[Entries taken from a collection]
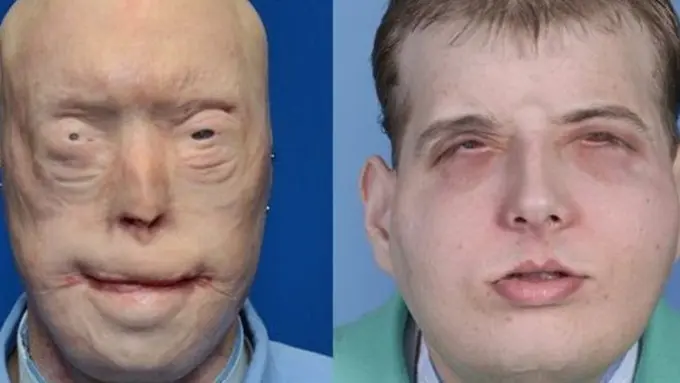 Foto: copyright Bbc.com/AP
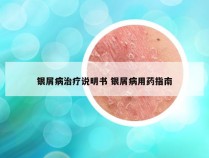 银屑病治疗说明书 银屑病用药指南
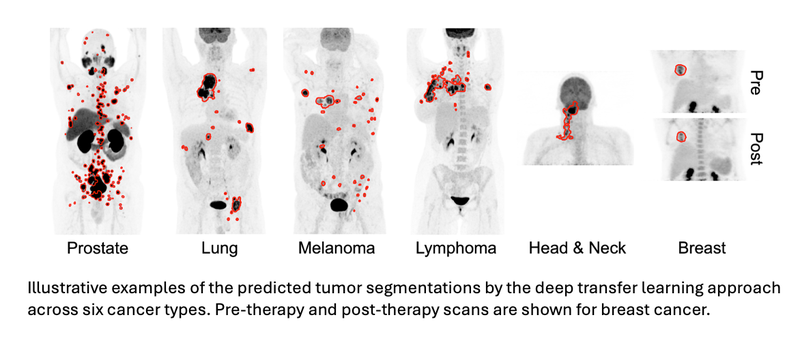 AI Tool Accurately Detects Six Different Cancer Types Using Whole-Body PET/CT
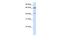 Cilia And Flagella Associated Protein 45 antibody, PA5-43685, Invitrogen Antibodies, Western Blot image 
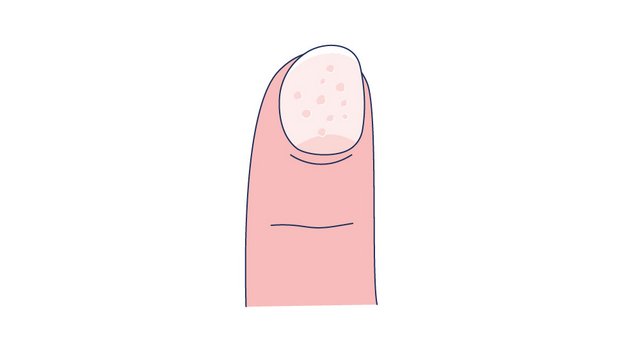 Illustration eines Tüpfelnagels mit punktförmigen Einsenkungen im Nagel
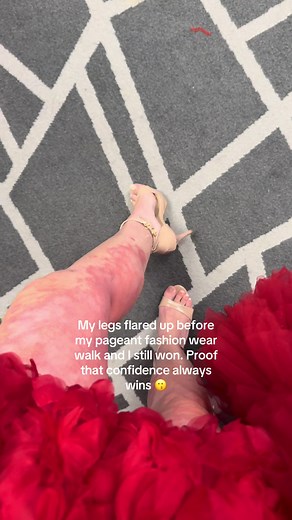 Eczema Flare-Up at Pageant: How I Won Fashion Wear Despite Flared Legs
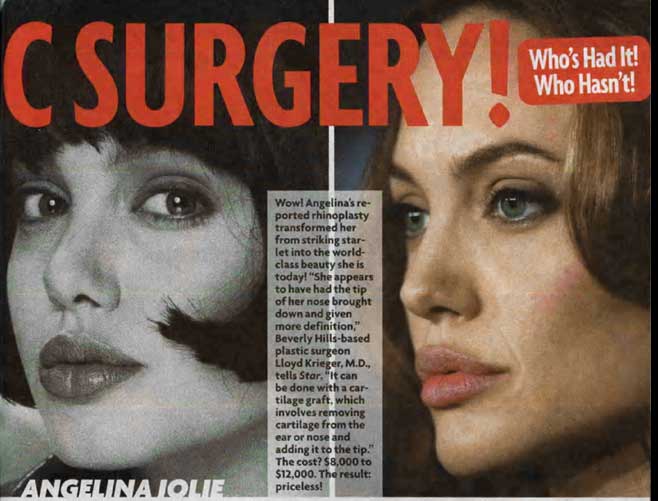 angelina jolie plastic surgery photos. Angelina Jolie: In the name of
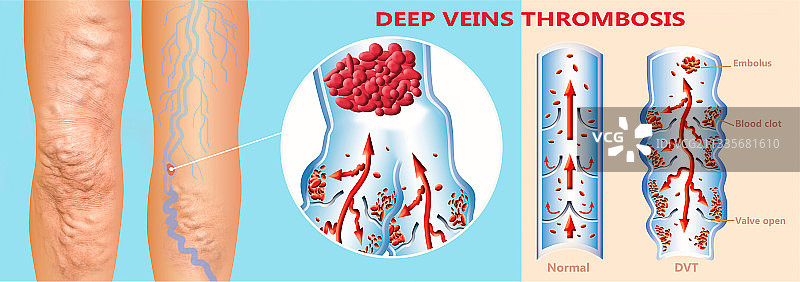 深静脉血栓或血栓栓塞图片素材
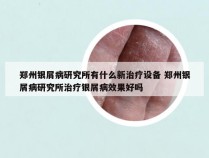 郑州银屑病研究所有什么新治疗设备 郑州银屑病研究所治疗银屑病效果好吗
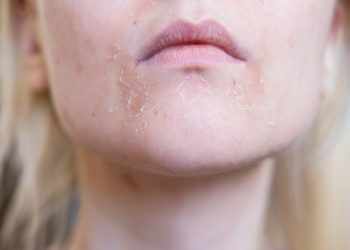 Pele descascando? Entenda causas e como evitar o problema no frio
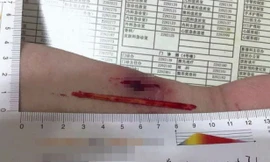 Đoạn đũa dài 8cm trong tay ông Zeng.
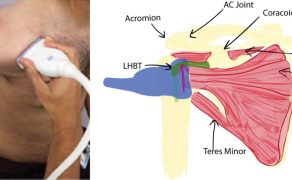 OPM_2_26_technika_technologia_Slawomir_Mika_ROLA_SZTUCZNEJ_INTELIGENCJI_W_ANESTEZJOLOGII_I_INTENSYWNEJ_TERAPII_RYC_4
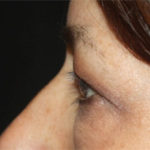 Blepharoplasty and Brow Lift Before & After Patient #25381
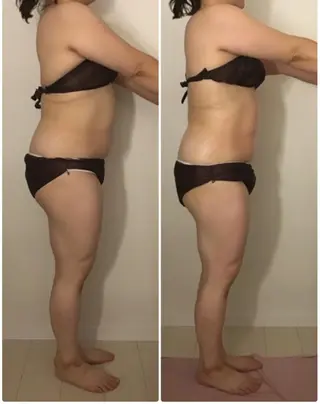 BELLEFINE 💕痩身・小顔・脱毛のエステ・リラクイメージ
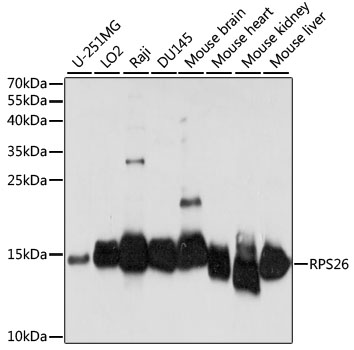 S26 / RPS26 Antibody - Western blot analysis of extracts of various cell lines, using RPS26 antibody at 1:1000 dilution. The secondary antibody used was an HRP Goat Anti-Rabbit IgG (H+L) at 1:10000 dilution. Lysates were loaded 25ug per lane and 3% nonfat dry milk in TBST was used for blocking. An ECL Kit was used for detection and the exposure time was 30s.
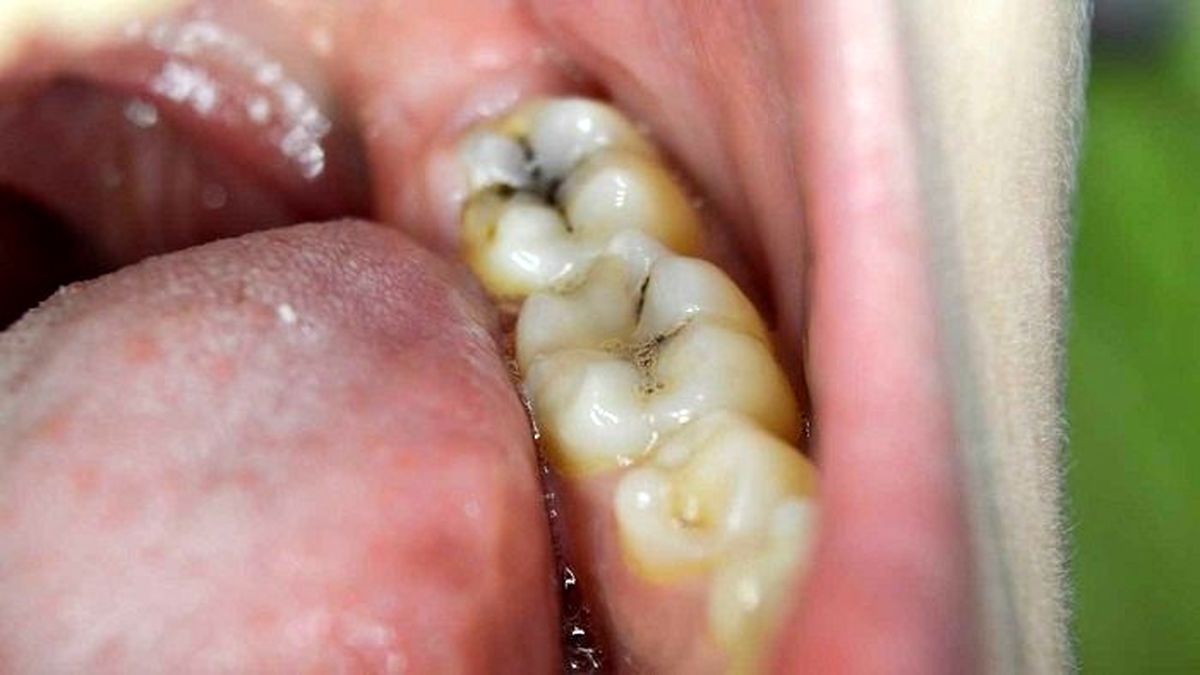 رابطه باکتری دهان و سرطان کولورکتال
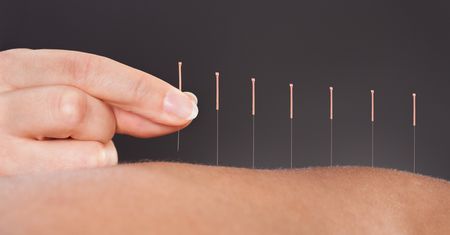 Akupunktura w ciąży, przed ciążą i przed porodem – na co pomaga?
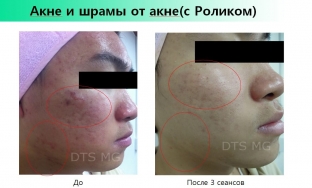 polipeptidy-protiv-stareniya-kozhi-za-schet-chego-effektivna-kosmetsevtika-genosys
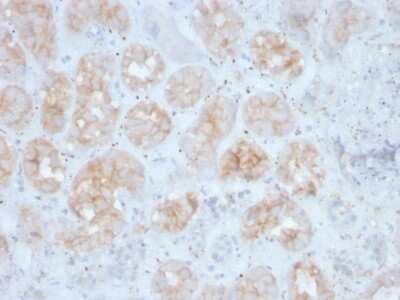Immunohistochemistry-Paraffin: FGF-23 Antibody (FGF23/4163) - Azide and BSA Free [NBP3-08329]
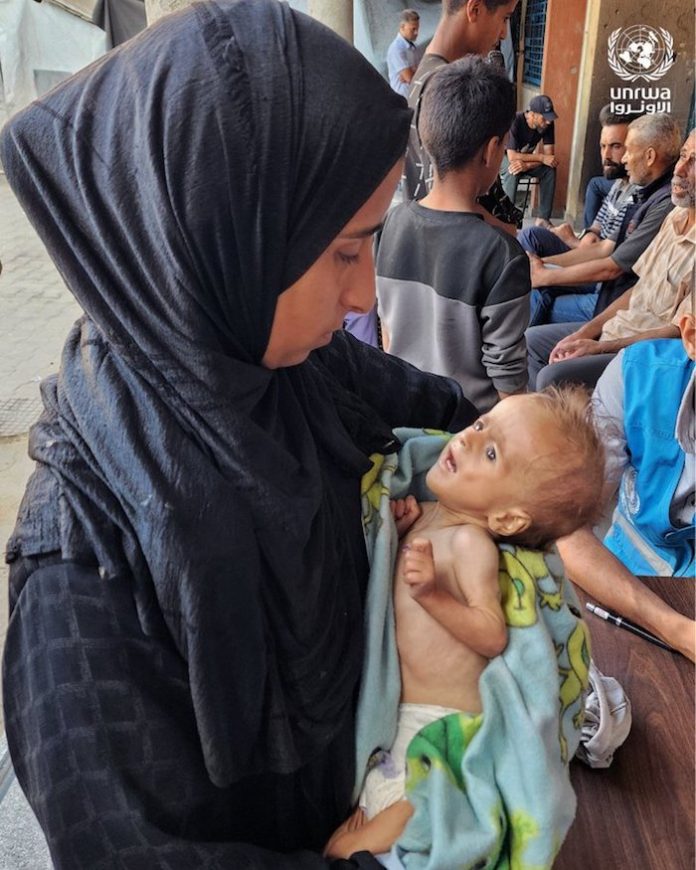 “Es un desastre absoluto”: Trump indica que los niños en Gaza parecen muy hambrientos, al contrario de las palabras de Netanyahu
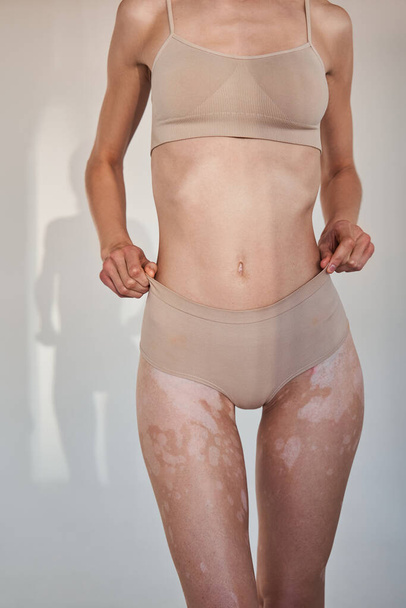 Naked woman showing nude body with vitiligo affected skin - Foto, afbeelding
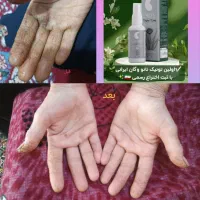 نانووگان نقره نرم کننده وترمیم کننده|آرایشی، بهداشتی، درمانی|مرودشت, فاز دوم شهرک فرهنگیان|دیوار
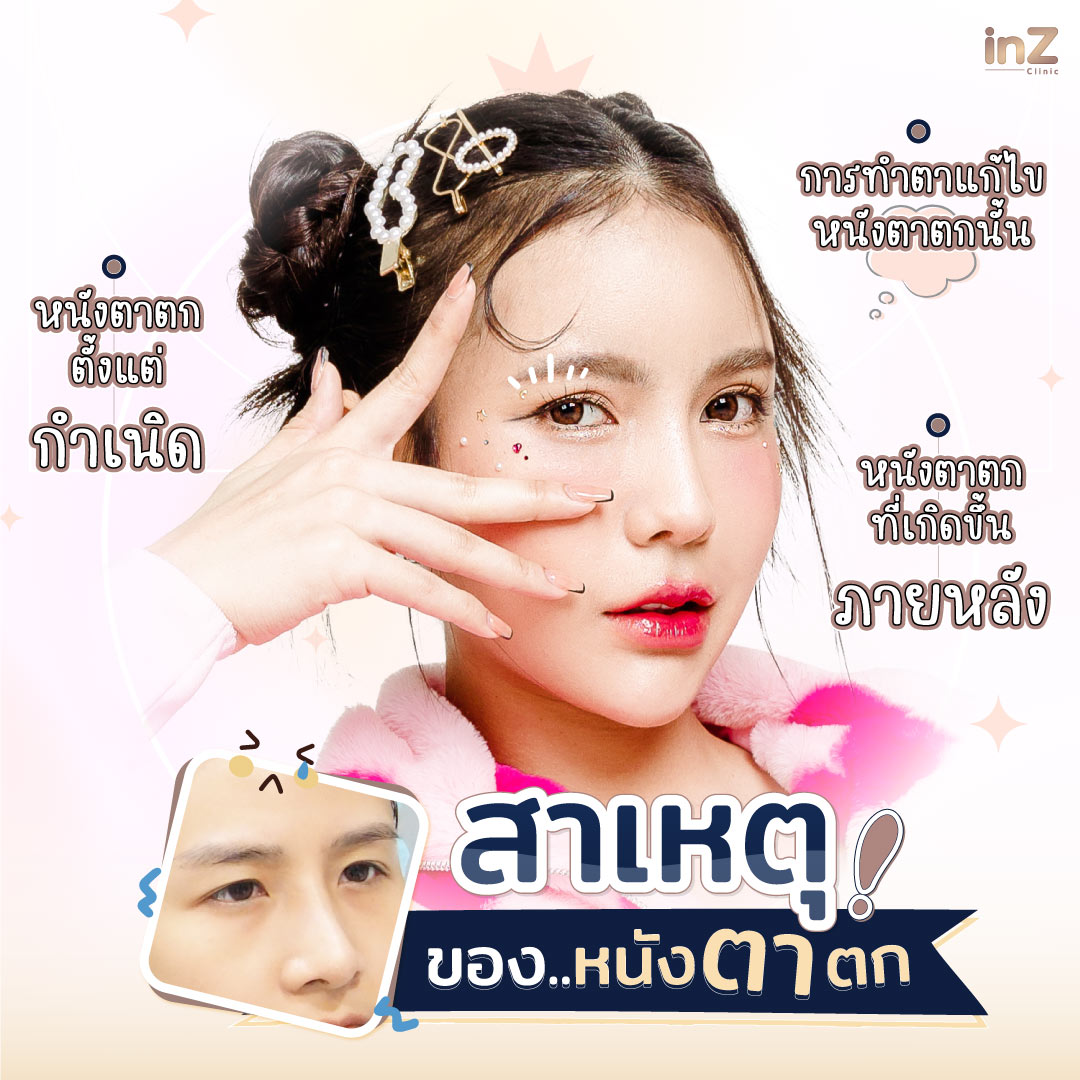สาเหตุของหนังตาตก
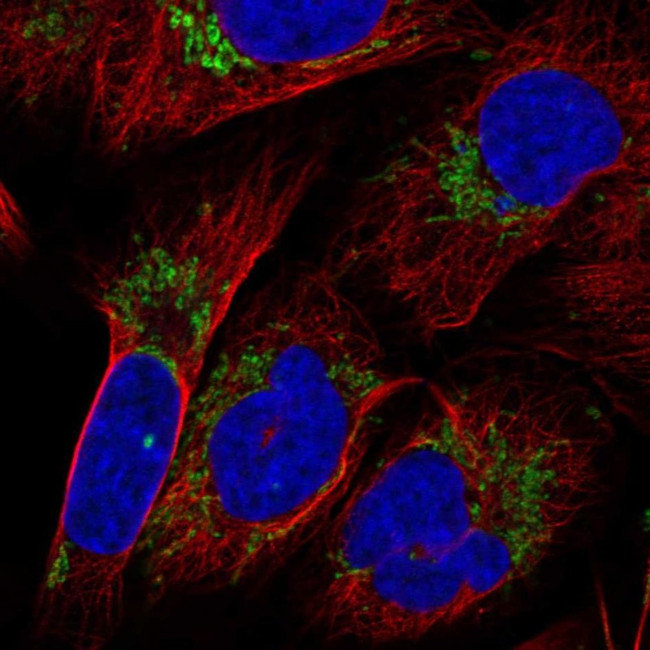 KLHL29 Antibody in Immunocytochemistry (ICC/IF)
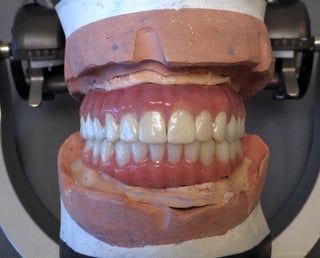 The completed prosthesis which has been designed according to the digital design that was created in the AvaDent Viewer.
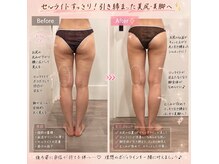 トータルビューティ リライフ(Total beauty Relife)の雰囲気（毛穴なくしたいならセルマンで植物由来でもしっかり肌育セルマン）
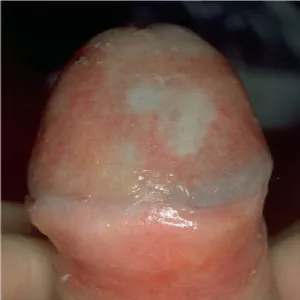 balanitis plasmacellularis Zoon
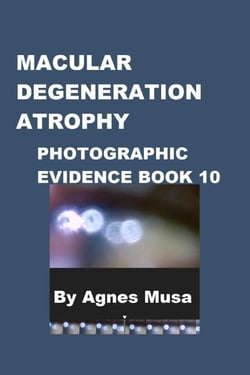 Macular Degeneration Atrophy, Photographic Evidence Book 10 - Macular Degeneration Atrophy, Photographic Evidence Series of   Books, #2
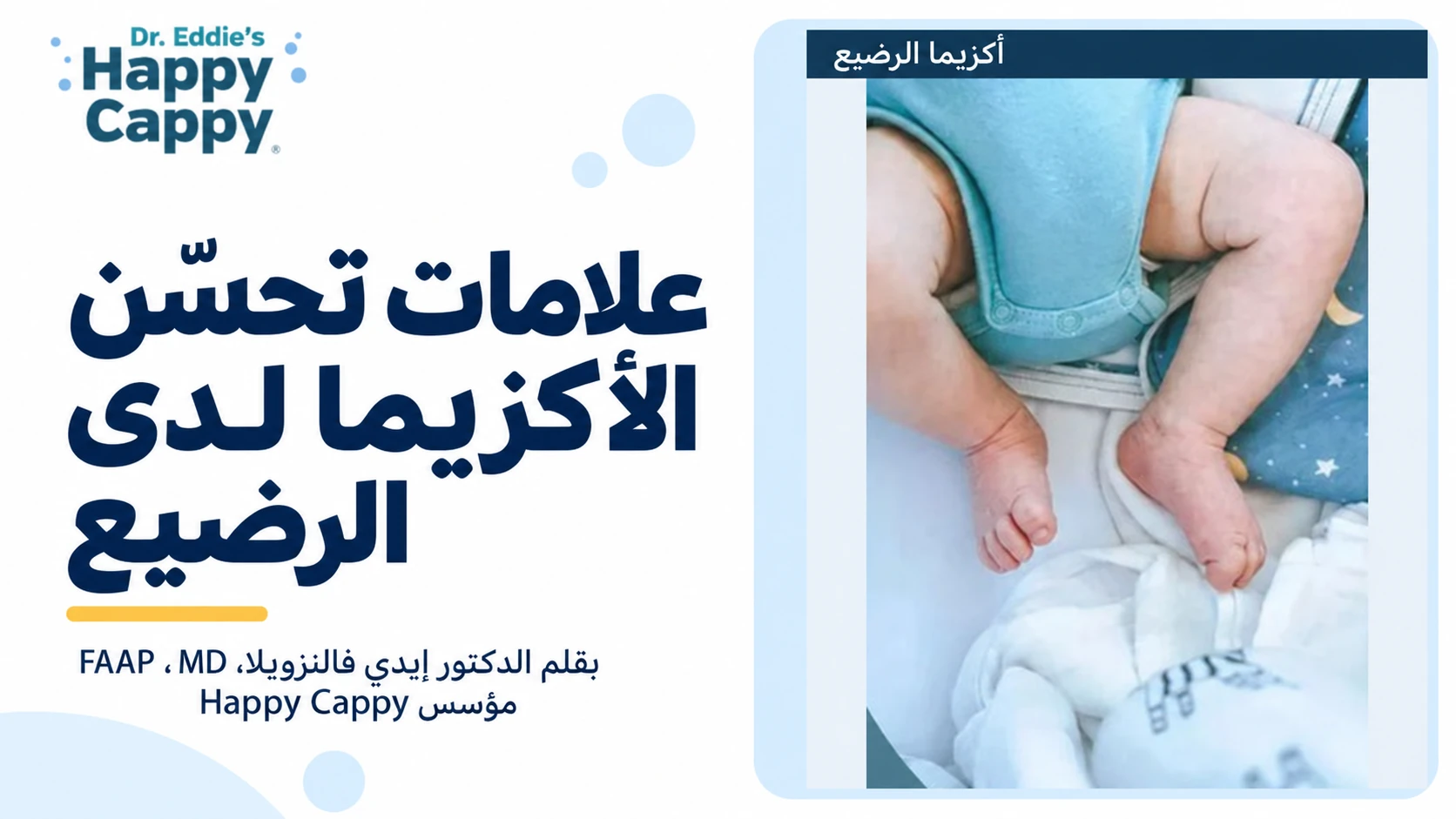 علامات تحسّن الأكزيما لدى الرضيع. صورة توضيحية لساقي رضيع وليست صورة لنتائج علاج.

• **WHAT IS REQUIRED**
Output all the data above verbatim, leaving out images.

• **ANSWER TO THIS TASK**
 Foto: copyright Bbc.com/AP
 银屑病治疗说明书 银屑病用药指南
 AI Tool Accurately Detects Six Different Cancer Types Using Whole-Body PET/CT
 Cilia And Flagella Associated Protein 45 antibody, PA5-43685, Invitrogen Antibodies, Western Blot image 
 Illustration eines Tüpfelnagels mit punktförmigen Einsenkungen im Nagel
 Eczema Flare-Up at Pageant: How I Won Fashion Wear Despite Flared Legs
 angelina jolie plastic surgery photos. Angelina Jolie: In the name of
 深静脉血栓或血栓栓塞图片素材
 郑州银屑病研究所有什么新治疗设备 郑州银屑病研究所治疗银屑病效果好吗
 Pele descascando? Entenda causas e como evitar o problema no frio
 Đoạn đũa dài 8cm trong tay ông Zeng.
 OPM_2_26_technika_technologia_Slawomir_Mika_ROLA_SZTUCZNEJ_INTELIGENCJI_W_ANESTEZJOLOGII_I_INTENSYWNEJ_TERAPII_RYC_4
 Blepharoplasty and Brow Lift Before & After Patient #25381
 BELLEFINE 💕痩身・小顔・脱毛のエステ・リラクイメージ
 S26 / RPS26 Antibody - Western blot analysis of extracts of various cell lines, using RPS26 antibody at 1:1000 dilution. The secondary antibody used was an HRP Goat Anti-Rabbit IgG (H+L) at 1:10000 dilution. Lysates were loaded 25ug per lane and 3% nonfat dry milk in TBST was used for blocking. An ECL Kit was used for detection and the exposure time was 30s.
 رابطه باکتری دهان و سرطان کولورکتال
 Akupunktura w ciąży, przed ciążą i przed porodem – na co pomaga?
 polipeptidy-protiv-stareniya-kozhi-za-schet-chego-effektivna-kosmetsevtika-genosys
Immunohistochemistry-Paraffin: FGF-23 Antibody (FGF23/4163) - Azide and BSA Free [NBP3-08329]
 “Es un desastre absoluto”: Trump indica que los niños en Gaza parecen muy hambrientos, al contrario de las palabras de Netanyahu
 Naked woman showing nude body with vitiligo affected skin - Foto, afbeelding
 نانووگان نقره نرم کننده وترمیم کننده|آرایشی، بهداشتی، درمانی|مرودشت, فاز دوم شهرک فرهنگیان|دیوار
สาเหตุของหนังตาตก
 KLHL29 Antibody in Immunocytochemistry (ICC/IF)
 The completed prosthesis which has been designed according to the digital design that was created in the AvaDent Viewer.
 トータルビューティ リライフ(Total beauty Relife)の雰囲気（毛穴なくしたいならセルマンで植物由来でもしっかり肌育セルマン）
 balanitis plasmacellularis Zoon
 Macular Degeneration Atrophy, Photographic Evidence Book 10 - Macular Degeneration Atrophy, Photographic Evidence Series of   Books, #2
 علامات تحسّن الأكزيما لدى الرضيع. صورة توضيحية لساقي رضيع وليست صورة لنتائج علاج.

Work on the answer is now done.